::: Information shown
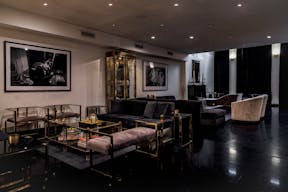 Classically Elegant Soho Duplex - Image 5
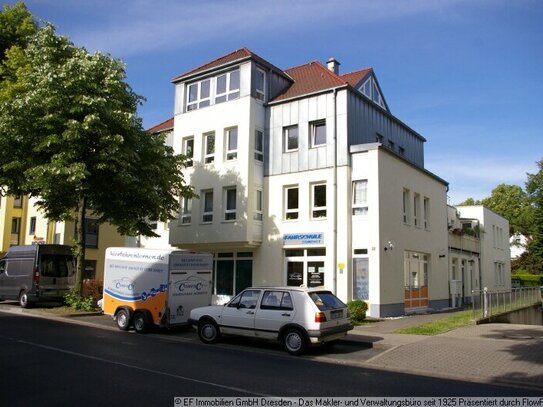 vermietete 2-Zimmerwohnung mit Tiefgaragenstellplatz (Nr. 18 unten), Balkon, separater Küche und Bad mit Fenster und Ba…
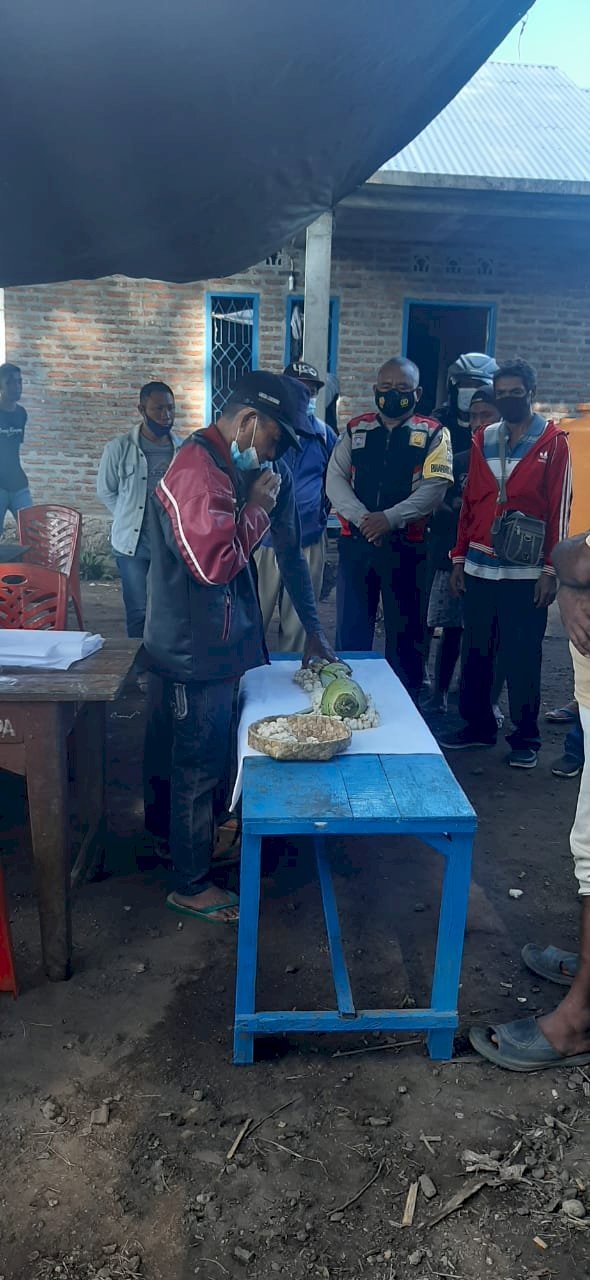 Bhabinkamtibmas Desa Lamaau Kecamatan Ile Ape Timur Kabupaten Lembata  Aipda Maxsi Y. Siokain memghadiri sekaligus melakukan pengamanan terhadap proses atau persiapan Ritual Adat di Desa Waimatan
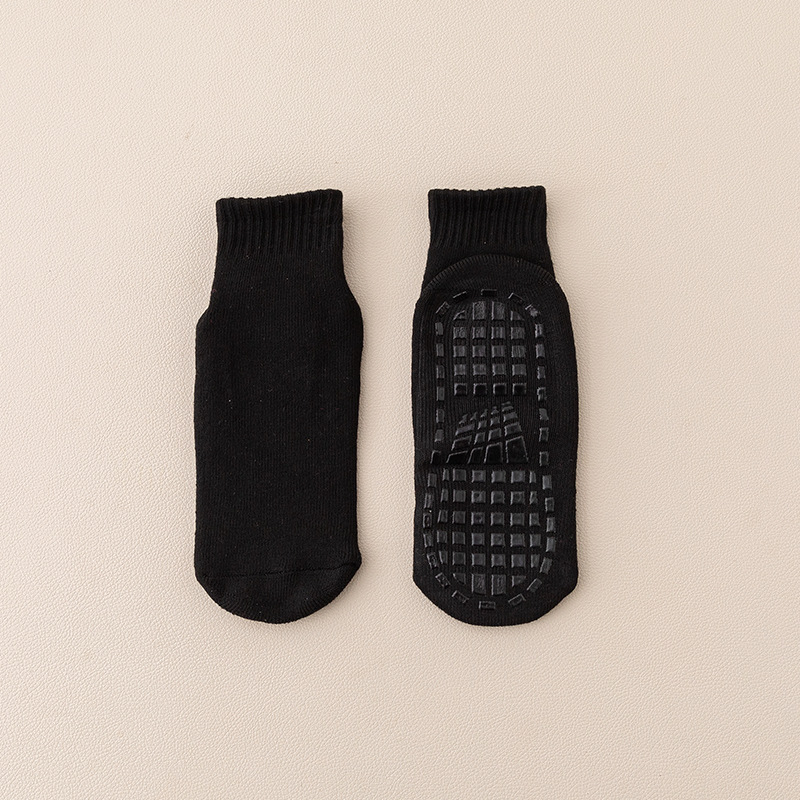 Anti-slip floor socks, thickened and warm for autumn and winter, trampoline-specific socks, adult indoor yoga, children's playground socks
::::::
* Task requirements *
Transcribe every line from the one containing "vermietete 2-Zimmerwohnung mit" to the end of the listing, exactly and exclusively. Do not carry any picture over.

* Response area *
 vermietete 2-Zimmerwohnung mit Tiefgaragenstellplatz (Nr. 18 unten), Balkon, separater Küche und Bad mit Fenster und Ba…
 Bhabinkamtibmas Desa Lamaau Kecamatan Ile Ape Timur Kabupaten Lembata  Aipda Maxsi Y. Siokain memghadiri sekaligus melakukan pengamanan terhadap proses atau persiapan Ritual Adat di Desa Waimatan
 Anti-slip floor socks, thickened and warm for autumn and winter, trampoline-specific socks, adult indoor yoga, children's playground socks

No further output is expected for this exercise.